Content starts

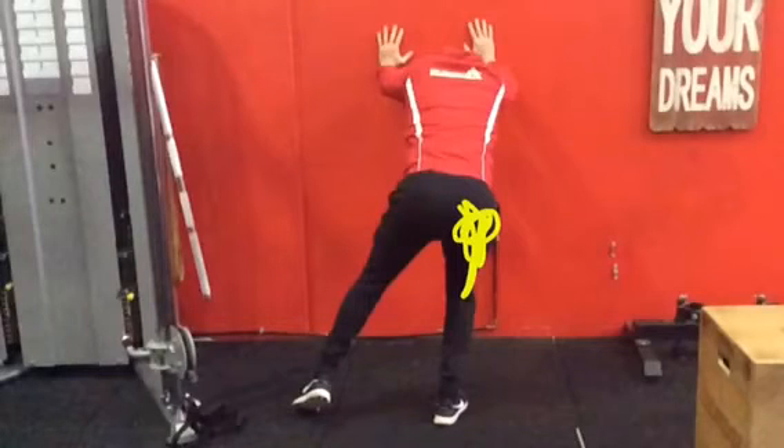Anyone with difficulties with their knee moving, this can be a good one to help you. It's not going to cure you, but it's definitely going to give you better strategies in moving and in particular walking. So even people who just have difficulty walking, this is a great drill you can use.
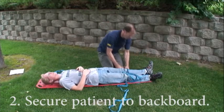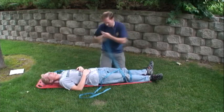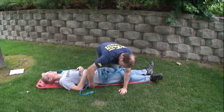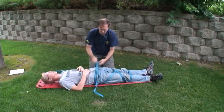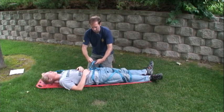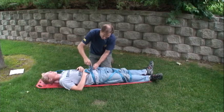Securing the legs this way will prevent your patient from being ejected through the bottom of the board. Go through the board, cross over, back through, and tie off. Here I did a water knot, but it's hard to cinch up water knots in this case, so maybe a square knot with overhand finishing knots would work better.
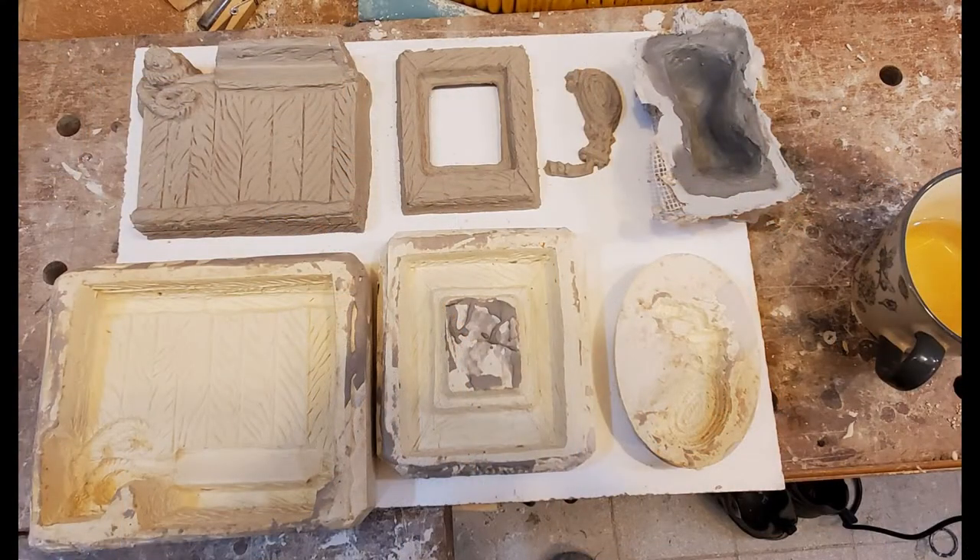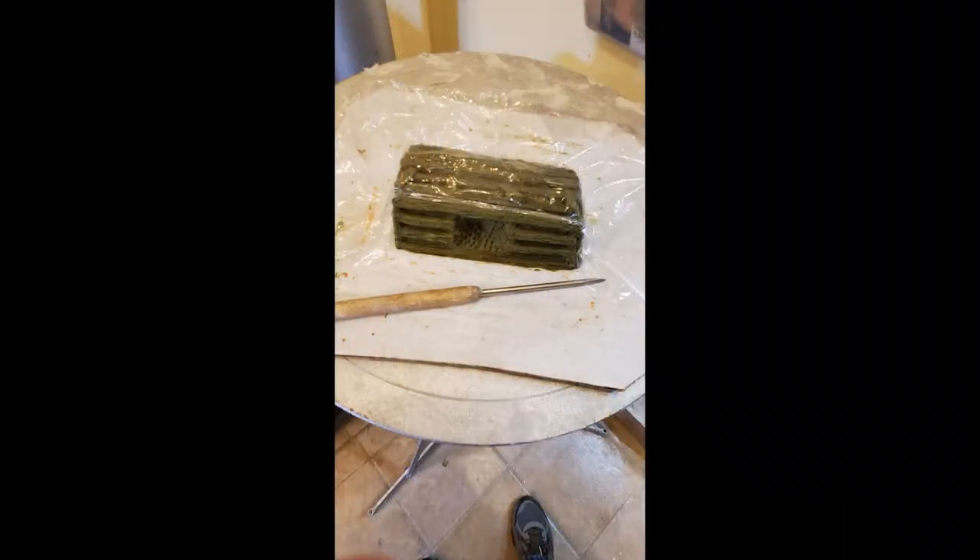In the past I used a silicone mold and pressed clay into it in order to make the lobster trap. I'm going to see if I can make a five-piece mold in plaster of the lobster trap.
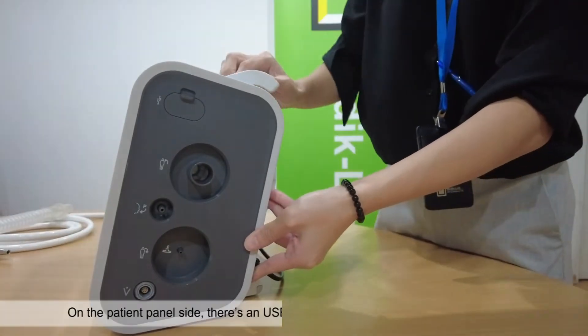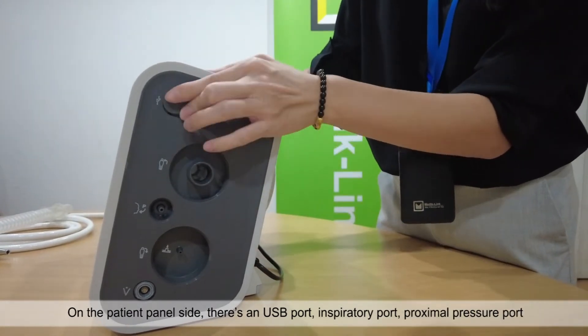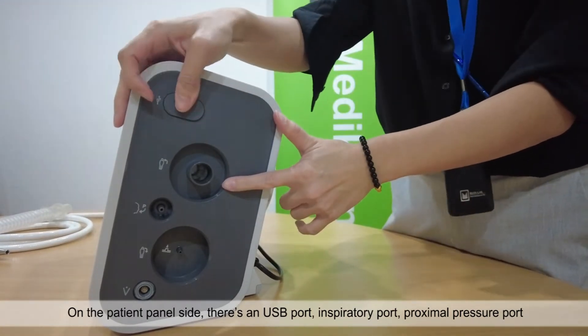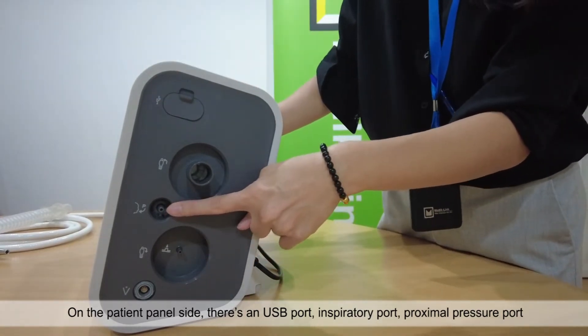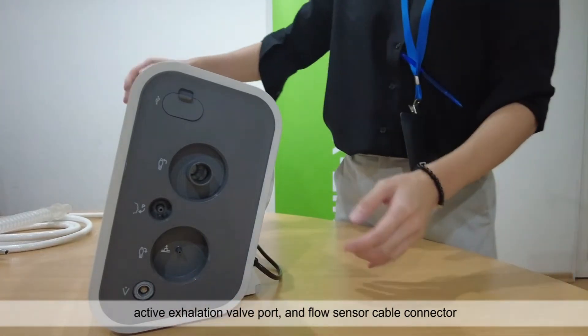On the patient panel side, there's a USB port, inspiratory port, proximal pressure port, active exhalation valve port and flow sensor cable connector.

Content ends

**WORK ITEM**
Write the material out again exactly. Do not include the pictures.

**RESPONSE TO THIS EXERCISE**
Anyone with difficulties with their knee moving, this can be a good one to help you. It's not going to cure you, but it's definitely going to give you better strategies in moving and in particular walking. So even people who just have difficulty walking, this is a great drill you can use.
Securing the legs this way will prevent your patient from being ejected through the bottom of the board. Go through the board, cross over, back through, and tie off. Here I did a water knot, but it's hard to cinch up water knots in this case, so maybe a square knot with overhand finishing knots would work better.
In the past I used a silicone mold and pressed clay into it in order to make the lobster trap. I'm going to see if I can make a five-piece mold in plaster of the lobster trap.
On the patient panel side, there's a USB port, inspiratory port, proximal pressure port, active exhalation valve port and flow sensor cable connector.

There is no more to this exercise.